Io guardo e penso: ma perché in Italia siamo sempre lì, con i padri, con i padrini, con i fantasmi del passato che ci abitano come condòmini litigiosi?

Ed ecco che scendo in Puglia. Antonio Decaro dice: Io sì, ma senza Emiliano e Vendola.
E io mi chiedo: davvero la politica si riduce a una liberazione da due nomi, come fossero valigie da lasciare in stazione?

Perché sì, certo, capisco: c’è bisogno di rinnovamento. Capisco la voglia di un presidente libero.
Ma la libertà, se diventa slogan e non gesto concreto, si riduce a parola vuota.

E allora penso al presidente de “La Grazia”. Che ha dubbi. Che è tormentato. Che non decide mai con leggerezza.
E mi chiedo: Decaro ha dubbi? O vuole solo fare pulizia?
Perché in politica, senza dubbio, non c’è grazia.

Intanto Emiliano e Vendola, ai più, sembrano quei personaggi di contorno nei film italiani che non vogliono uscire di scena.

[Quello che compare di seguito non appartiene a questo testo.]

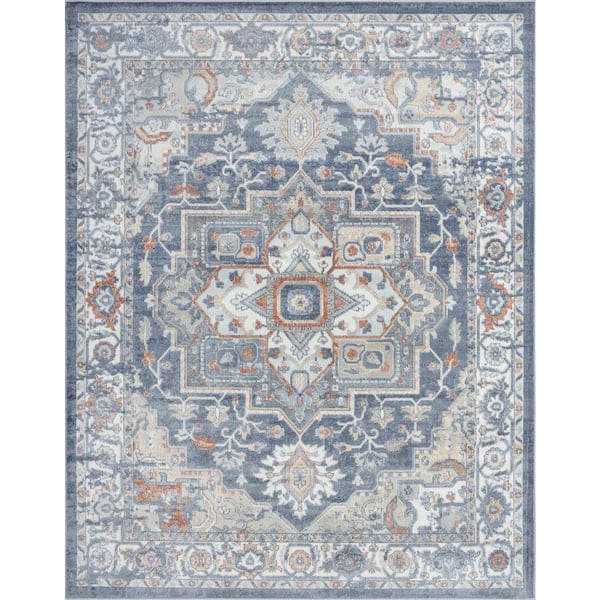 GlowSol Blue 5 ft. 3 in. x 7 ft. 3 in. Wilton Collection Floral Pattern Persian Area Rug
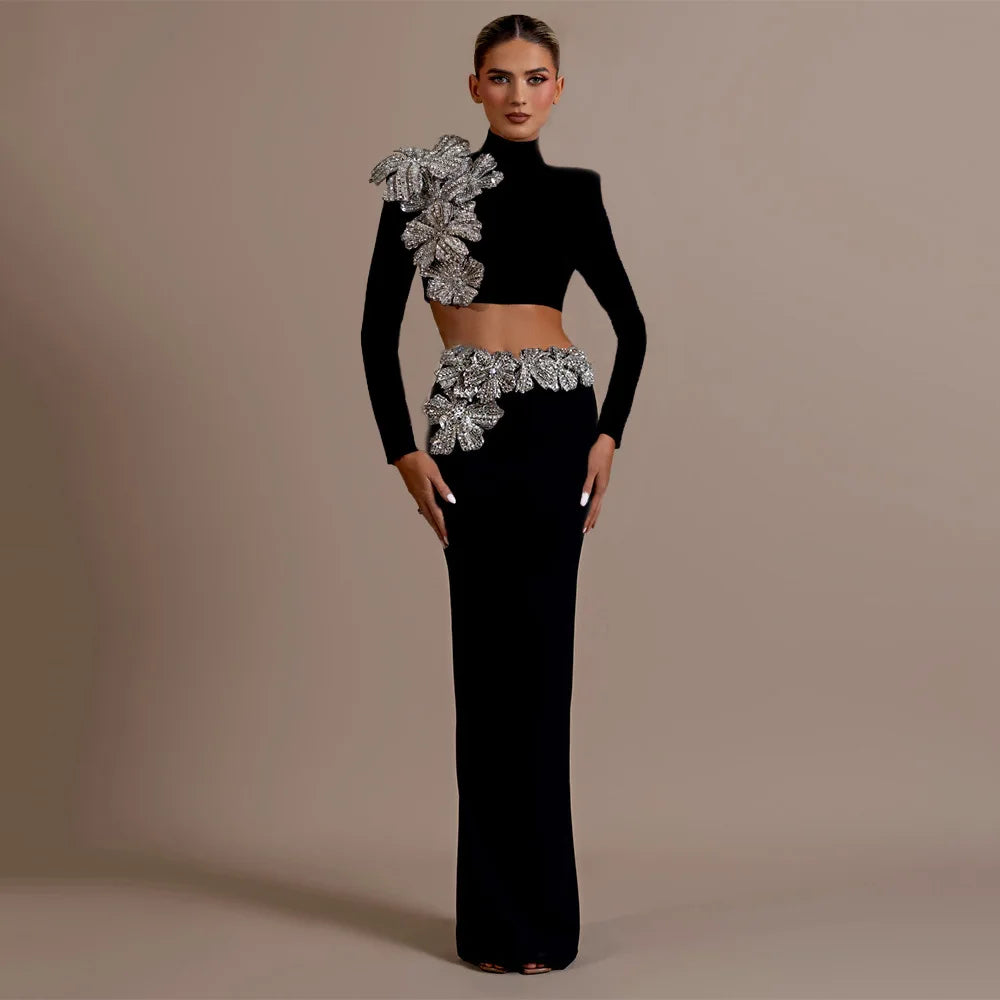 Women Long Sleeve Diamond Florals Bodycon 2 Pieces Mini Bandage Dress Celebrate Nightclub Party Birthday Dress black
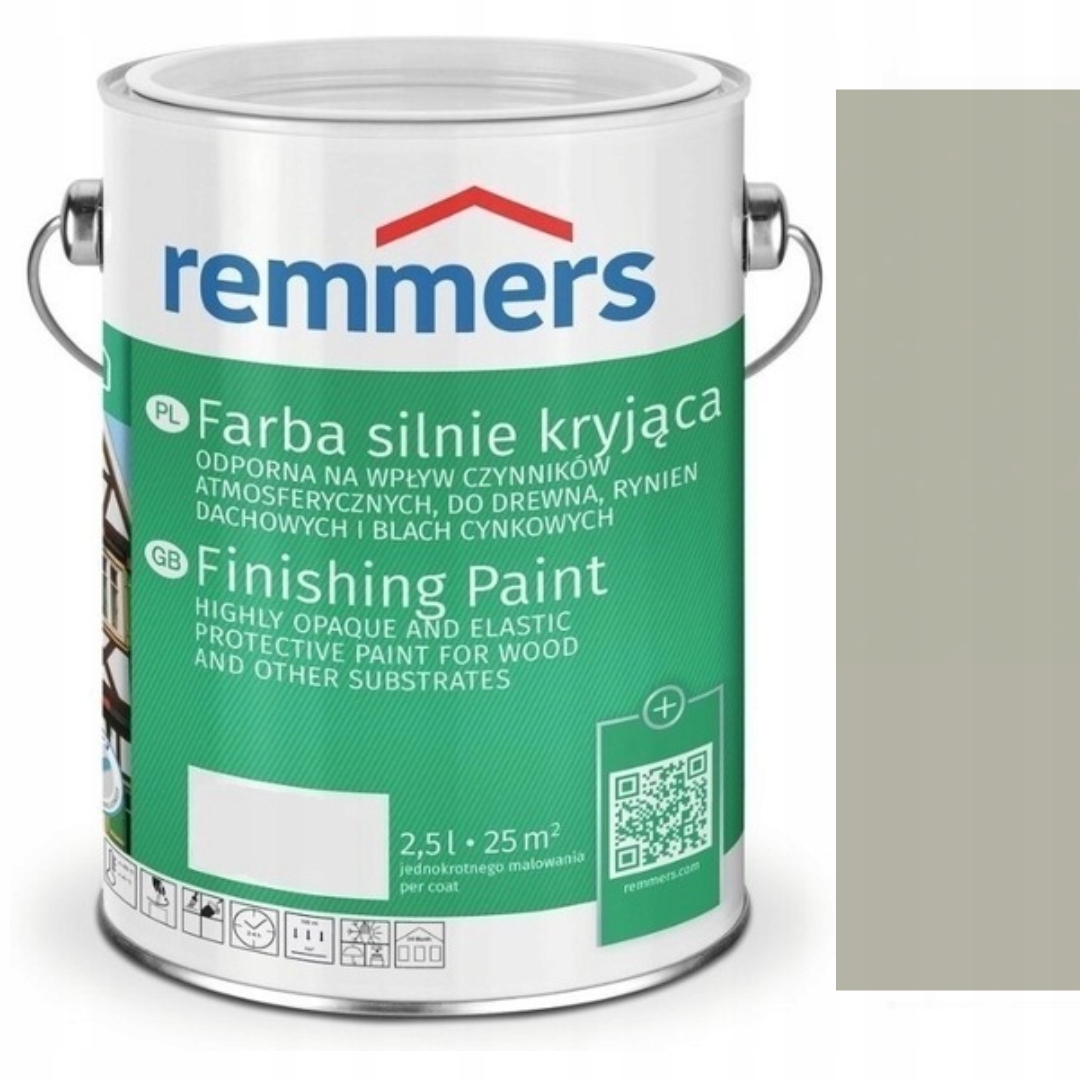 Remmers Farba Deckfarbe 2,5 L, Silne Krycia Farba Na Drevo, Svetlošedá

Continuano a voler avere voce, a dire: siamo ancora qui.
E io mi domando se, in condizioni di “grazia”, il contributo sincero e spontaneo di Vendola ed Emiliano non sia non solo legittimo, ma persino auspicabile.

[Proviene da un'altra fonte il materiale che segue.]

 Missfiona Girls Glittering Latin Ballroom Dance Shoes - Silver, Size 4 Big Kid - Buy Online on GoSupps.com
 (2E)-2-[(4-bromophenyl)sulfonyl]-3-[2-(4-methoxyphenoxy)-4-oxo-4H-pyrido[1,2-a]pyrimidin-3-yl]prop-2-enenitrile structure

Ma ecco: per Vendola, Emiliano e per tutti quelli che “hanno già dato”, la scena a volte chiede silenzio. Ci devono essere, sì, ma la macchina da presa si sposta: e gli attori come loro possono restare, anzi è importante che restino, purché siano consapevoli di non occupare sempre il centro.

Attenzione: cancellare il passato è pericoloso. Il passato ritorna sempre, come in quei film in cui pensi che il personaggio sia morto e invece… sorpresa, eccolo lì nell’ultima sequenza.

Allora mi domando: non sarebbe stato più adulto, più politico, più etico, dire: io vado avanti e riconosco chi c’è stato prima di me; vi accolgo, sapendo che ora tocca a me?
Non il veto. Non l’aut aut. Ma la fermezza insieme al riconoscimento.
Quella sarebbe stata grazia.

E lo so, sto diventando moralista. Mi sento già la voce: “Antonio, ma sei sempre così? Sempre a fare il professore?”
Sì, sono così. Perché in questo Paese nessuno più dice cose semplici e nette.

E allora sì, lo dico: la politica senza dubbio, senza memoria, senza grazia, non è politica. È solo una battaglia di ego.
E io, di battaglie di ego, mi sono stancato.